## Directions
Gather all lines in the data that hold the string "video".

## Data records
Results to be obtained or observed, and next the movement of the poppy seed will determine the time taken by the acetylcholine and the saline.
--
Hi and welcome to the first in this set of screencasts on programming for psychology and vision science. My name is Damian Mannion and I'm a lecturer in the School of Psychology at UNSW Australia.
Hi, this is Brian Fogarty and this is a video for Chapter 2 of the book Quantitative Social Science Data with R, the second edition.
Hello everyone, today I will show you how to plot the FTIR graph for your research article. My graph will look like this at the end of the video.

## Expected output
Hi, this is Brian Fogarty and this is a video for Chapter 2 of the book Quantitative Social Science Data with R, the second edition.
Hello everyone, today I will show you how to plot the FTIR graph for your research article. My graph will look like this at the end of the video.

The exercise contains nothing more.